I create a function to apply the algorithm. The parameters I am going to use are proper motions and parallax. As a first approximation, I believe these are the most important data and I will focus on them.

Following the usual steps in classification algorithm applications, I apply StandardScaler to scale the data and prevent one parameter from influencing more than another due to having higher absolute values. Then I apply the algorithm to the data. I used some parameters that I found in some reading, but they would require fine tuning to obtain the best results.

The final output of this block of code is a new column in the DataFrame indicating whether or not each of the downloaded stars is a member of the main cluster. This gives me 1,465 stars belonging to the cluster and 318 identified as noise.

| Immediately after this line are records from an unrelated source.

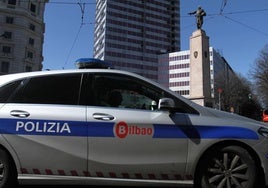 Dos policías de Bilbao denuncian que un grupo les reconoció y agredió al salir de una discoteca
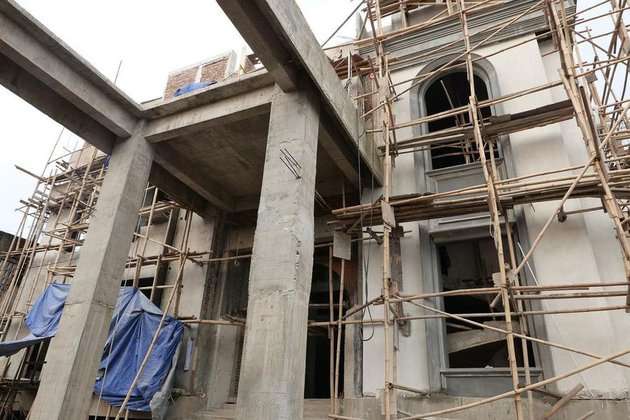 10 Potret Rumah Baru Ruben Onsu yang Megah Bak Museum, Ada Tangga Melingkar Mewah Abis!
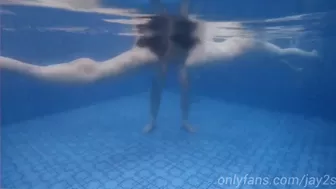 jay2s onlyfans slender chick jerks off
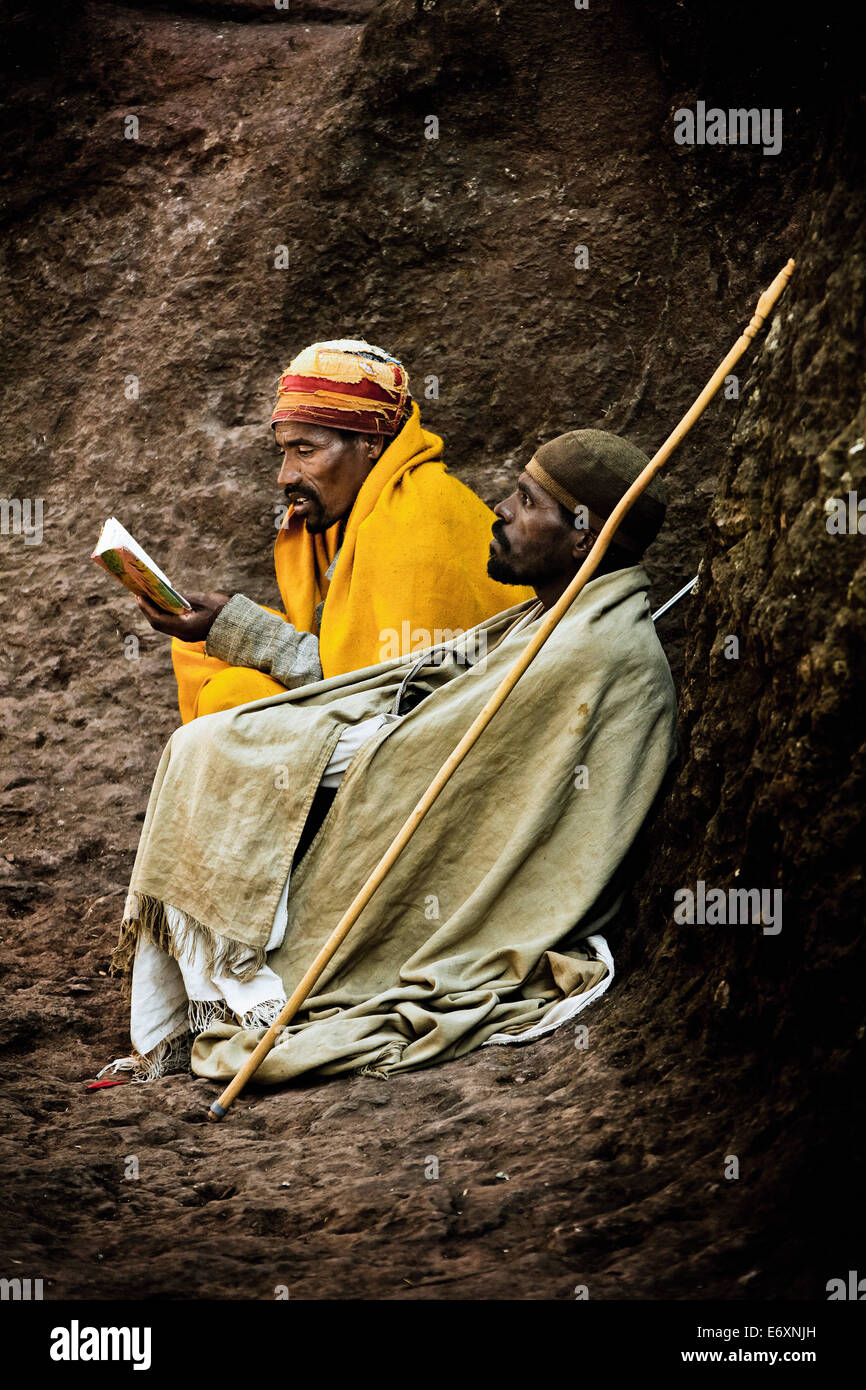 Zwei Pilger sitzen auf Felsen, Lalibela, Äthiopien, Afrika Stockfoto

In the next post, I will look for literature on other analyses of this cluster to compare and see if my approach seems correct.

Results

We now have a DataFrame with data on the stars belonging to the cluster with various parameters, from which we can draw some conclusions:

  • RA of the centre: 88.074º
  • DEC of the centre: 32.542º
  • mean pmRA: 1.49 ± 0.89 mas/year
  • mean pmDEC: -4.63 ± 1.74 mas/year
  • mean Parallax: 0.61 ± 0.016
  • mean distance: ~ 1,639 pc

Finally, we add the same visualisations as before, but marking which stars are members of the cluster.

basic diagrams with membership

Conclusions and next steps

This exercise is just another introduction to learning how to download and analyse data from an open cluster using the data available in Gaia DR3. These types of exercises help me in the process of discovering all the data available in the Gaia database, which attributes are most relevant in the study of open clusters, and how to process them. Also, although it will be described in part II of this article, discovering the scientific literature on this and other clusters, learning about the physical parameters that have been studied, and what are the open lines of research in this field.

With all this, I hope to make progress in acquiring a solid foundation for delving deeper into these fields and carrying out more complex analyses.

Regarding the analysis of M37, there are still quite a few points open that I hope to work on soon:

  • Finding scientific literature with which to compare the results.
  • Fine-tuning the parameters used in the algorithm.
  • Comparing the results with other algorithms for membership analysis.

In the next post, I will attempt to conduct this research, compare the results obtained with other published studies, and advance the physical interpretation of the graphs and relevant information that can be obtained.